Brief descriptive captions
══════════════════════════════

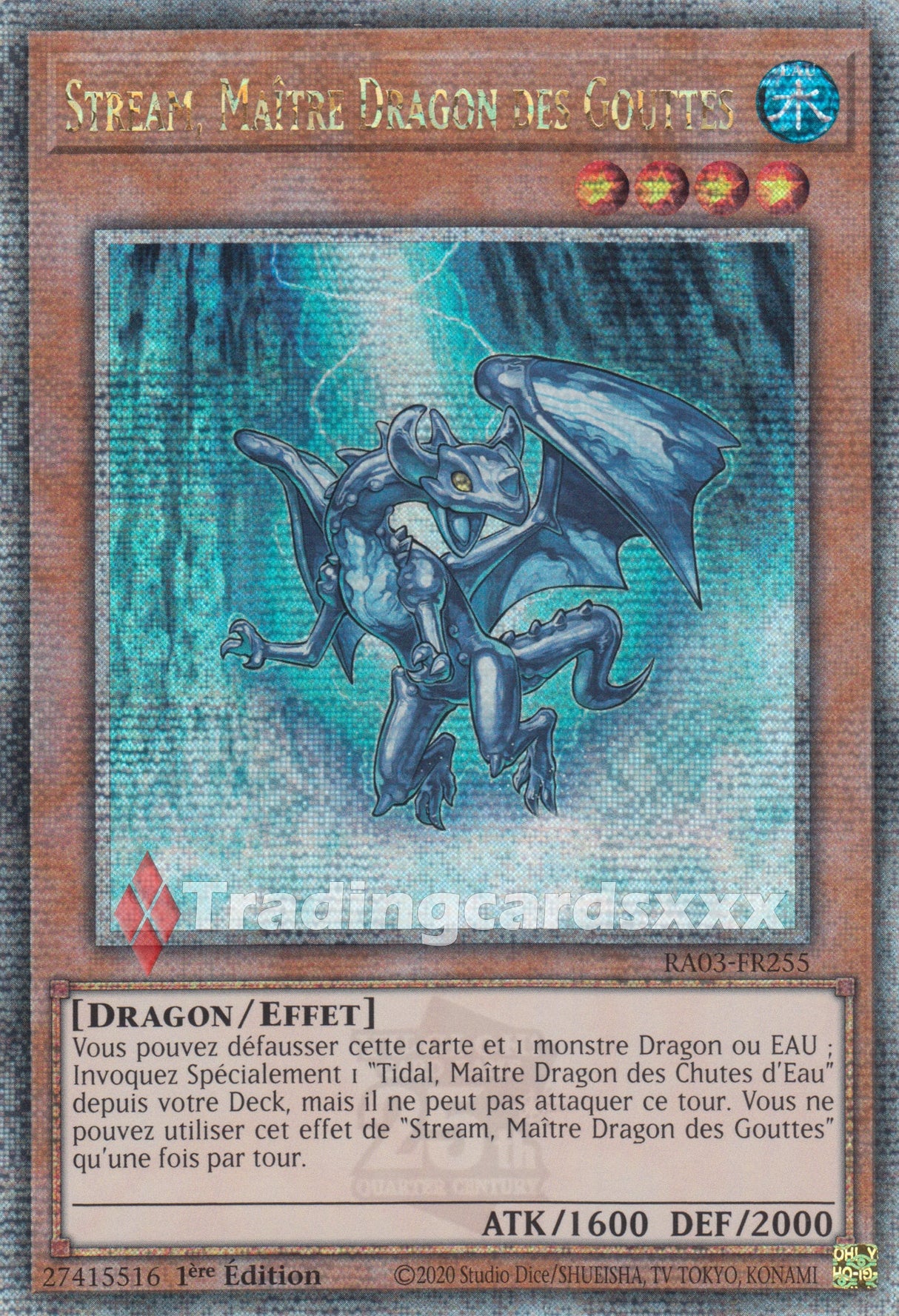 Yu-Gi-Oh! Stream, Maître Dragon des Gouttes : RA03-FR255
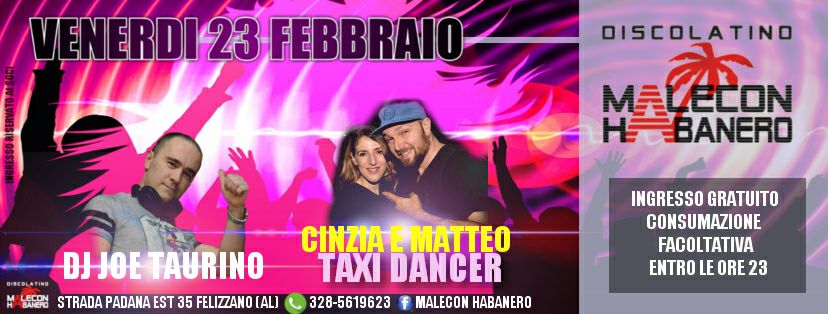 VENERDI 23 FEBBRAIO@FIESTA LATINA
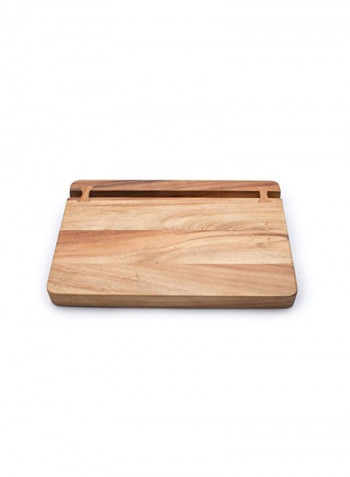 Cutting Board With Large Knife Holder Beige 10.2x15.2x1.5inch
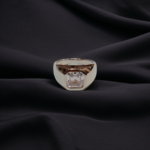 Silver Ring With White Zircon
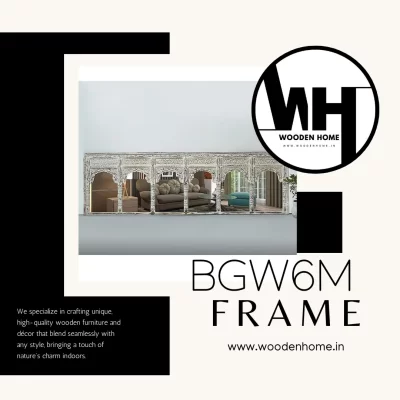 Big Antique White 6 Mirror Frames By Wooden Home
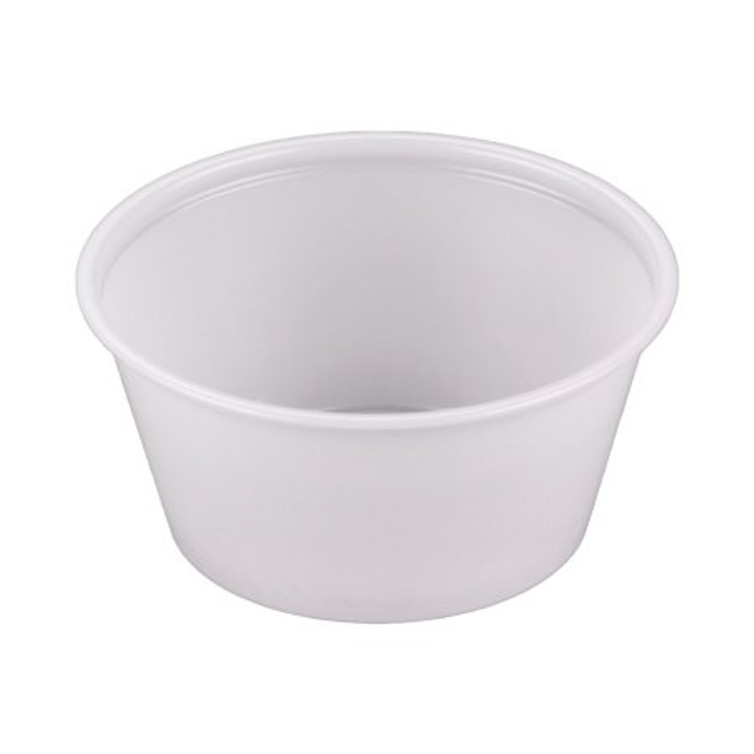 Souffle Cup Solo 3.25 oz. Translucent Plastic Disposable P325N Case/2500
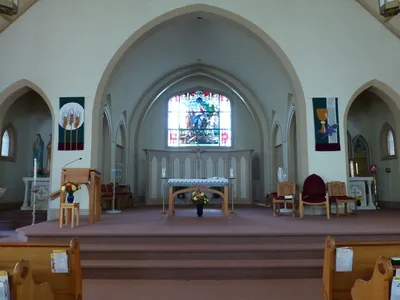 Front of the church.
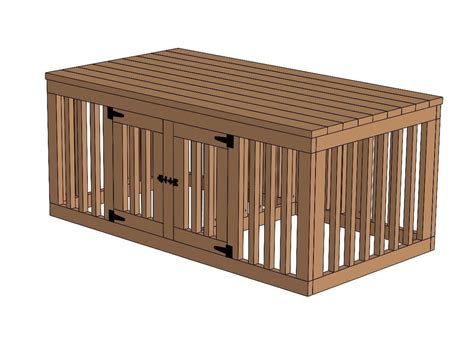 Extra Large Double Dog Kennel Plans & Assembly Instructions Comes With ...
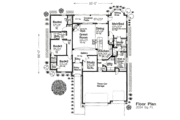 European Style House Plan - 4 Beds 2 Baths 2034 Sq/Ft Plan #310-672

══════════════════════════════

■ **EXERCISE BRIEF**
An exact restatement of every record is required. Omit the images.

■ **RESPONSE**
 Yu-Gi-Oh! Stream, Maître Dragon des Gouttes : RA03-FR255
 VENERDI 23 FEBBRAIO@FIESTA LATINA
 Cutting Board With Large Knife Holder Beige 10.2x15.2x1.5inch
 Silver Ring With White Zircon
 Big Antique White 6 Mirror Frames By Wooden Home
 Souffle Cup Solo 3.25 oz. Translucent Plastic Disposable P325N Case/2500
 Front of the church.
 Extra Large Double Dog Kennel Plans & Assembly Instructions Comes With ...
 European Style House Plan - 4 Beds 2 Baths 2034 Sq/Ft Plan #310-672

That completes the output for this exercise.